Il piano di Donald Trump per «svuotare» Gaza e trasferire i palestinesi in Egitto e Giordania, giudicato irrealistico da più parti, oltre all'estrema destra israeliana piace pure agli alleati di Benjamin Netanyahu. Mentre Egitto e Giordania, insieme ai palestinesi, respingono con fermezza il progetto, peraltro temendo che Israele non permetterebbe mai alla popolazione di tornare nella Striscia una volta costretta ad andarsene, il ministro delle Finanze dello stato ebraico Bezalel Smotrich, secondo Haaretz, è impegnato con il premier e il gabinetto di sicurezza di Tel Aviv per «preparare un piano operativo e garantire che la visione del presidente americano venga realizzata». Ben Gvir, leader del partito di estrema destra Otzma Yehudit, osserva: «Una delle nostre richieste è quella di promuovere l'emigrazione volontaria. Quando il presidente della più grande superpotenza del mondo, Trump, solleva personalmente questa idea, vale la pena che il governo israeliano la attui».
Un ministro del gabinetto di sicurezza, nel frattempo, rivela al Times of Israel che la dichiarazione fatta da The Donald sull'Air Force One è stata probabilmente coordinata con Netanyahu, e ha lo scopo in parte di aiutare l'alleato a impedire che il suo governo collassi a causa dell'accordo di cessate il fuoco con Hamas. Dopo lo scoppio della guerra, Bibi «ha parlato di migrazione volontaria insieme ai ministri del Likud e abbiamo anche iniziato a fare sforzi in quella direzione. Queste dichiarazioni hanno scatenato l'opposizione globale quindi ci siamo fermati, pur se sappiamo che questa è l'unica soluzione», prosegue.
Netanyahu, come riportano tre fonti israeliane e americane anonime, ha in programma di vedere il tycoon alla Casa Bianca la prossima settimana, e la sua visita sarebbe la prima di un leader straniero a Washington da quando Trump è diventato il 47esimo comandante in capo Usa. Il premier dovrebbe arrivare il 3 febbraio nella capitale e ripartire il 5, ma ancora non è chiara la data esatta del bilaterale (ieri, invece, è tornato in tribunale dopo l'operazione del mese scorso per rispondere alle accuse di frode, abuso di fiducia e accettazione di tangenti in tre casi separati).
Intanto, nel Vecchio Continente, il governo tedesco respinge l'idea di uno spostamento di massa dei palestinesi, e un portavoce del ministero degli Esteri ribadisce di condividere la posizione «dell'Unione Europea, dei nostri partner arabi, e delle Nazioni Unite che la popolazione palestinese non deve essere espulsa da Gaza e Gaza non deve essere occupata o ricolonizzata in modo permanente da Israele».

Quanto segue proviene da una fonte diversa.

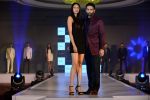 at fashion show for Giovani in Taj Lands End on 14th July 2015 (91)_55a5fe4532128.JPG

La premier Giorgia Meloni sottolinea da parte sua che «Trump ha ragione quando dice che la ricostruzione di Gaza è una delle sfide principali che abbiamo di fronte, e che per avere successo serve un grande coinvolgimento della comunità internazionale». «Dopodiché, per quello che riguarda il tema dei rifugiati non credo, ancora una volta, che siamo di fronte a un piano definito, penso che siamo piuttosto di fronte a delle interlocuzioni con gli attori regionali che sicuramente su questo vanno coinvolti», prosegue. E il ministro della Difesa Guido Crosetto precisa che «il pragmatismo di Trump parte dalla constatazione della realtà.
Lancia sassi nello stagno tutti i giorni, ma sono sassi che normalmente fanno riflettere e hanno delle conseguenze e accelerano le soluzioni. Su una cosa ha ragione, Gaza ora è un cumulo di macerie, va ripulita. È un lavoro che richiederà anni. Vanno trovate delle soluzioni che consentano nel frattempo ai palestinesi di vivere in serenità».